In classic screwball comedies, women were smart and independent beings who had room in their life for romance without making it the overriding priority. But in 21st century movies like "What's Your Number?" a woman isn't complete until she has a man, happily putting her life on hold and making an ass of herself to find Mr. Right.
Comparing Faris to Lucille Ball might be a touch premature, if only because the 35-year-old Faris hasn't yet achieved a comparable body of work. She distinguished herself among lame jokes in the physically punishing "Scary Movie" series, and blithely carried "House Bunny," her last starring vehicle in 2008. But since then, she has been mired in an industry clearly bemused by funny ladies, taking bland supporting roles in movies like "Take Me Home Tonight" and "Yogi Bear."
But Faris has earned her accolades, which is why "What's Your Number?" feels particularly disappointing.

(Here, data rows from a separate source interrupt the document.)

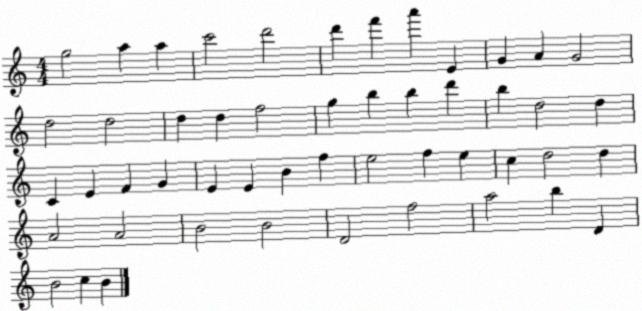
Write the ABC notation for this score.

X:1
T:Untitled
M:4/4
L:1/4
K:C
g2 a a c'2 d'2 d' f' a' E G A G2 d2 d2 d d f2 g b b d' b d2 d C E F G E E B f e2 f e c d2 d A2 A2 B2 B2 D2 f2 a2 b D B2 c B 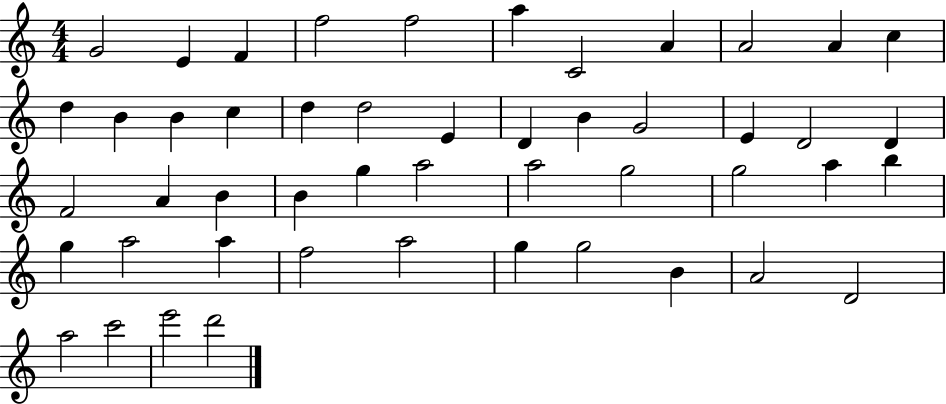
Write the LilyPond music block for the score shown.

{
  \clef treble
  \numericTimeSignature
  \time 4/4
  \key c \major
  g'2 e'4 f'4 | f''2 f''2 | a''4 c'2 a'4 | a'2 a'4 c''4 | \break d''4 b'4 b'4 c''4 | d''4 d''2 e'4 | d'4 b'4 g'2 | e'4 d'2 d'4 | \break f'2 a'4 b'4 | b'4 g''4 a''2 | a''2 g''2 | g''2 a''4 b''4 | \break g''4 a''2 a''4 | f''2 a''2 | g''4 g''2 b'4 | a'2 d'2 | \break a''2 c'''2 | e'''2 d'''2 | \bar "|."
} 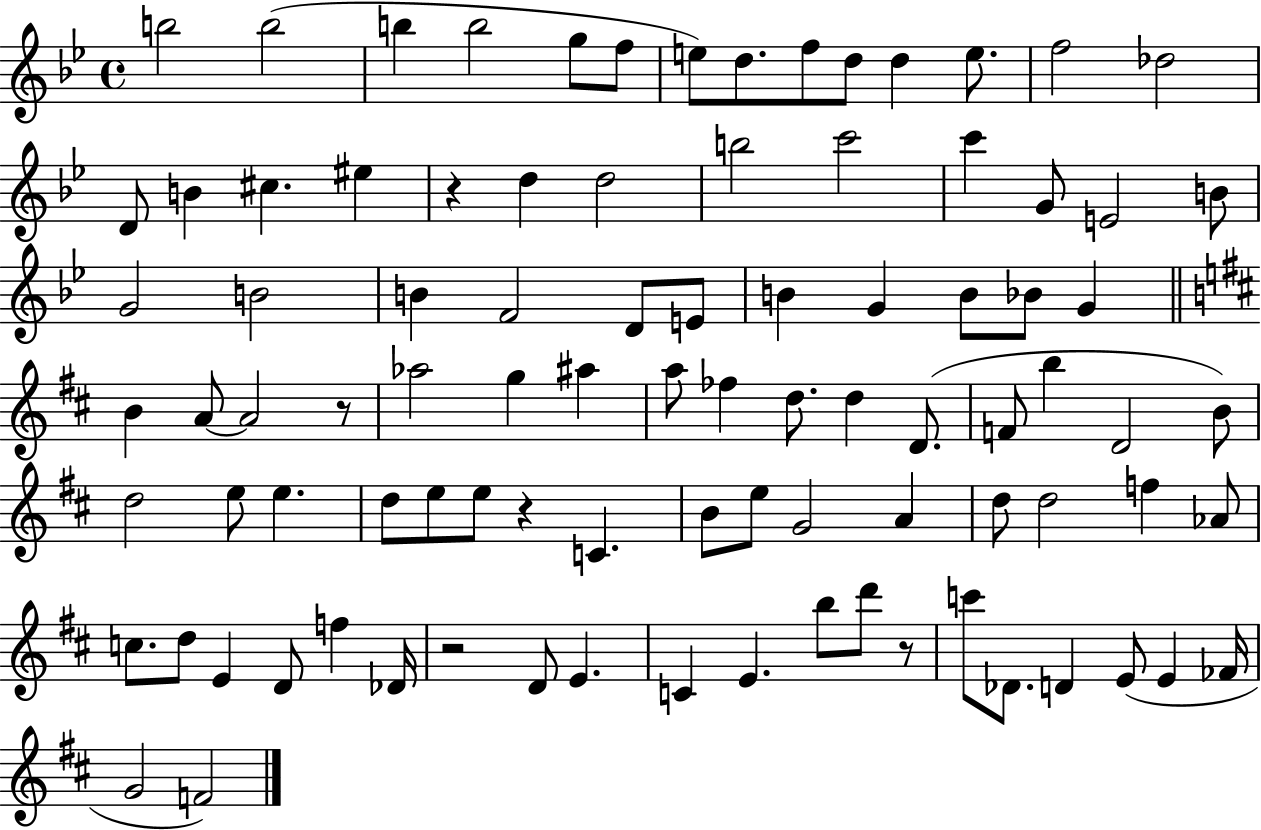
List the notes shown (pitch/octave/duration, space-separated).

B5/h B5/h B5/q B5/h G5/e F5/e E5/e D5/e. F5/e D5/e D5/q E5/e. F5/h Db5/h D4/e B4/q C#5/q. EIS5/q R/q D5/q D5/h B5/h C6/h C6/q G4/e E4/h B4/e G4/h B4/h B4/q F4/h D4/e E4/e B4/q G4/q B4/e Bb4/e G4/q B4/q A4/e A4/h R/e Ab5/h G5/q A#5/q A5/e FES5/q D5/e. D5/q D4/e. F4/e B5/q D4/h B4/e D5/h E5/e E5/q. D5/e E5/e E5/e R/q C4/q. B4/e E5/e G4/h A4/q D5/e D5/h F5/q Ab4/e C5/e. D5/e E4/q D4/e F5/q Db4/s R/h D4/e E4/q. C4/q E4/q. B5/e D6/e R/e C6/e Db4/e. D4/q E4/e E4/q FES4/s G4/h F4/h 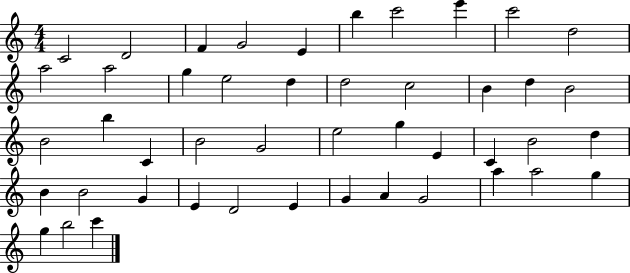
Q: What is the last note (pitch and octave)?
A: C6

Not that it's all her fault -- the screenplay by Gabrielle Allan and Jennifer Crittenden is virtually laugh-free, with both jokes and plot points telecast well beforehand.
A veteran of shows like "Entourage," Mylod doesn't have much big-screen experience outside of Sacha Baron Cohen's pre-"Borat" feature "Ali G Indahouse." In his first studio movie, Mylod couldn't play it any safer, employing strictly conventional shot selection and editing to cover the action while demonstrating an uneven hand with his talented cast, leaving Faris struggling, abandoned and rudderless as she reels off joke after deadening joke.
Conventional in the worst possible way, "What's Your Number?" is anti-woman, antediluvian and, worst of all, about as funny as a public hanging. If you're a Faris fan and you want to stay one, do yourself (and her) a favor and stay home.